- [Description of the task]
Your task is to work out how many lines in the data include the word "priced". Reply with the number alone.

----------------

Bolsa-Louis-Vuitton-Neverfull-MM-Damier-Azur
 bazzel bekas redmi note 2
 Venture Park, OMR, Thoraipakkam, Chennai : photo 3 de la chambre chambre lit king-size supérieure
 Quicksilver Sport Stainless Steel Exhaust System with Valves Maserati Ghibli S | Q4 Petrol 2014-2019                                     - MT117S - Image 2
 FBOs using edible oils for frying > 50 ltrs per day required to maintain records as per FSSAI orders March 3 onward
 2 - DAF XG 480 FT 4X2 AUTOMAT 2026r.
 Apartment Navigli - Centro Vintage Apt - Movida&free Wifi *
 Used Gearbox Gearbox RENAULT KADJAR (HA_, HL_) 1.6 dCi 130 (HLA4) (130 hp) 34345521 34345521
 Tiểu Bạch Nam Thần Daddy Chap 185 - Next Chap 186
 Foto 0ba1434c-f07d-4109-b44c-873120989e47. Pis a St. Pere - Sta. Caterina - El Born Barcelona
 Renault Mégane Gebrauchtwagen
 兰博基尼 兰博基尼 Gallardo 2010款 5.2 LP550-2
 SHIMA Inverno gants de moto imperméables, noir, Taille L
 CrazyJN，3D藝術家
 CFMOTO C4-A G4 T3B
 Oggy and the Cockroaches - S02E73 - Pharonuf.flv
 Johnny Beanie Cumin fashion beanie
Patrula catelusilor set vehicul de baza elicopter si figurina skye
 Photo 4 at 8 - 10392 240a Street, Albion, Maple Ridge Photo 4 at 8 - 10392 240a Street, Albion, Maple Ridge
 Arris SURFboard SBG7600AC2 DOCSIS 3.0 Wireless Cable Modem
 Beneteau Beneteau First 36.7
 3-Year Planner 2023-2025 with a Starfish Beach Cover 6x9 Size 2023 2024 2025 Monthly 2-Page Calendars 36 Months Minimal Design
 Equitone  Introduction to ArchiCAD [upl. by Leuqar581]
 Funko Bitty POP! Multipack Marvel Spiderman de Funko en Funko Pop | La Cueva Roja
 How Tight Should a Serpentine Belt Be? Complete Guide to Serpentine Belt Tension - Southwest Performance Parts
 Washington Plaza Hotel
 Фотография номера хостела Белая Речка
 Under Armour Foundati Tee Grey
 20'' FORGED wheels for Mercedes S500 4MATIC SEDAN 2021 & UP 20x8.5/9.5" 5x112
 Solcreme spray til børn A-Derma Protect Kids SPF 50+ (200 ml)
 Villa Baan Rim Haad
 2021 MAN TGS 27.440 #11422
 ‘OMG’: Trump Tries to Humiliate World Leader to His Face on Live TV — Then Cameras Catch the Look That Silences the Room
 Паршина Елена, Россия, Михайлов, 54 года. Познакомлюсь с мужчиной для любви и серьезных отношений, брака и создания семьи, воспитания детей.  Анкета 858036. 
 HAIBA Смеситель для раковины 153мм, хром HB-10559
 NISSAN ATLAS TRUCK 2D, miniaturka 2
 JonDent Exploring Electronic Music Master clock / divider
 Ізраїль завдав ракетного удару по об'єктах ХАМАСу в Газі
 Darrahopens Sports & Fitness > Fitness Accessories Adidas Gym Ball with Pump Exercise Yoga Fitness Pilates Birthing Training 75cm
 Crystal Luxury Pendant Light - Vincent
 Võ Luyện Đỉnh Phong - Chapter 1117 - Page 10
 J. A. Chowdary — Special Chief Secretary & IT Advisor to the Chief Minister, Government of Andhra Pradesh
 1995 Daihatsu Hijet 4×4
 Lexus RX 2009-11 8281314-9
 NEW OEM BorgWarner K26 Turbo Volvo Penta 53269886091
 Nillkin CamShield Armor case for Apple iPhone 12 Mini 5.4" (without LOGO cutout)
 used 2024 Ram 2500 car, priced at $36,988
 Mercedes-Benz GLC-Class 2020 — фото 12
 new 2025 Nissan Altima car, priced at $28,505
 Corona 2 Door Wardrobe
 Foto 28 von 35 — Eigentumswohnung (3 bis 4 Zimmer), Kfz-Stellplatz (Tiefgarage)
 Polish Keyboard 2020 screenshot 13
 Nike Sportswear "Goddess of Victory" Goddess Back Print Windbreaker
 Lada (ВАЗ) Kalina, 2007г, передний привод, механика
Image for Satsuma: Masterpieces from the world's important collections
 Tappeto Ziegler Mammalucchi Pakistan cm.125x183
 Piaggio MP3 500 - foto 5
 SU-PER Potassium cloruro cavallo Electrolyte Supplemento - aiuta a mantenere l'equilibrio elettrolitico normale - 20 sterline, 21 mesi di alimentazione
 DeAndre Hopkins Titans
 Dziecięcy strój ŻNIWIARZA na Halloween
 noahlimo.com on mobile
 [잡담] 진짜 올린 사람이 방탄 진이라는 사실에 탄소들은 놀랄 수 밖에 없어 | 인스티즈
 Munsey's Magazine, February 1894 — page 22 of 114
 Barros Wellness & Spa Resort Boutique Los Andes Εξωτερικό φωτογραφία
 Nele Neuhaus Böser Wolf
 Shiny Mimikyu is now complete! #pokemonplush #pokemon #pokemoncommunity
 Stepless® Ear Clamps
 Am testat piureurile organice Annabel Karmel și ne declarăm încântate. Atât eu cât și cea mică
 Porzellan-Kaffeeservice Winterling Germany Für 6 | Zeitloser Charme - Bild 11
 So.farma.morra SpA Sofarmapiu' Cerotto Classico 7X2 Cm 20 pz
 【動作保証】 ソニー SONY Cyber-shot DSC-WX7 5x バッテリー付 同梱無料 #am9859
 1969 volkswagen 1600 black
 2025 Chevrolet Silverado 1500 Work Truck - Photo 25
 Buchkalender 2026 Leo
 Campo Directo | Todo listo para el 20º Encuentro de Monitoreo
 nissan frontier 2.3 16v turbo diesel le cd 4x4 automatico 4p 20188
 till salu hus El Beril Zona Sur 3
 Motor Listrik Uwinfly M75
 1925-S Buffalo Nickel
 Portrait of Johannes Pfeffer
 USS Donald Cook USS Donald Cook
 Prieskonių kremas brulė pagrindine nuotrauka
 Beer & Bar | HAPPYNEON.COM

----------------

- [Answer]
2